The bot loaded slowly and was thorough in its responses, covering legal barriers in North Carolina, options for pursuing legal exceptions, and even options for traveling internationally for abortion care. However, the bot stalled out when we indicated that a later abortion was needed, blocking us from selecting any date beyond six months. We had no other option but to select “I’m not sure” and offer the bot a more general answer of “6-12 weeks ago” as the last period.
The bot alerted us that the information we provided made us “very close to your state’s legal limit” and that said we “may still have options in other states.” The bot offered links to I Need An A and Aid Access, as well as a resources page that listed Reprocare, the M+A Hotline, the Repro Legal Helpline, and Abortion Freedom Fund, a standalone national fund that funds abortion pills by mail. While these are all trusted resources, the bot did not actually offer the necessary information for accessing abortion care at 10 weeks in North Carolina or any surrounding states. At I Need An A, we were counseled to drive an hour to Charlotte, North Carolina, or order abortion pills online.
“I see money spent on these new tools, and it’s like, why would the money not get just put into an existing service that works?” Henderson said. “If you want to give I Need An A money to do a huge ad campaign, cool.
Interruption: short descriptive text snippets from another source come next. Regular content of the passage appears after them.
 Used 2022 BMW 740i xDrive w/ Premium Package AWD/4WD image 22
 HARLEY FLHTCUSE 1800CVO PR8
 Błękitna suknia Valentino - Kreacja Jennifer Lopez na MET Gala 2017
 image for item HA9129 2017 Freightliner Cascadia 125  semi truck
Why do we need a new organization to do that?”
Carolina Abortion Fund also uses I Need An A, but when we ran our test case by a worker at the fund, they offered insight not shared by Charley or I Need An A.
“After 10 weeks, medication abortion is no longer an option for [abortion-seekers]. They are limited to the surgical option. I would also counsel them that they’ll have to have two appointments,” said Jess, a staff member at CAF using a pseudonym for safety reasons. In North Carolina, the abortion law requires a 72-hour mandatory delay and also forces patients to attend two different in-person appointments. “They’re going to do the ultrasound to see if you really are 10 weeks, if you’re more or if you’re less. If you are more, you can do the surgical,” Jess explained.
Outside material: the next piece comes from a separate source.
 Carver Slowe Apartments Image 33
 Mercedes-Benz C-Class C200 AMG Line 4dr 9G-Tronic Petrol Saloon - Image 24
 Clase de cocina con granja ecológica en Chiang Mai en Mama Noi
As part of CAF’s process, Jess said they would talk an abortion-seeker through their options based on their location (in our test case, Ansonville) and the date of their last period, and make it clear that Virginia might be the best option. It’s incredibly difficult to schedule two separate appointments in North Carolina while still remaining under 12 weeks of gestation. This is because of current scheduling delays and existing capacity issues at nearby clinics, which serve many people coming from South Carolina and other states with six-week bans. In Virginia, abortion is legal up to 26 weeks and six days of pregnancy.
From there, Jess’ co-worker Kay, who also requested a pseudonym for safety reasons, told Prism that they would help an abortion-seeker navigate whether two in-person appointments in North Carolina were possible, factoring in the timeline, the cost, and also helping to coordinate transportation, child care, and food, if needed.
For Prism’s test case, Charley and the CAF staffers provided a vastly different experience with seeking abortion care information. The series of links and lack of detailed and direct information from the bot forced us to sort through even more information. The errors in date selection also prevented us from receiving more specific information relevant to our needs.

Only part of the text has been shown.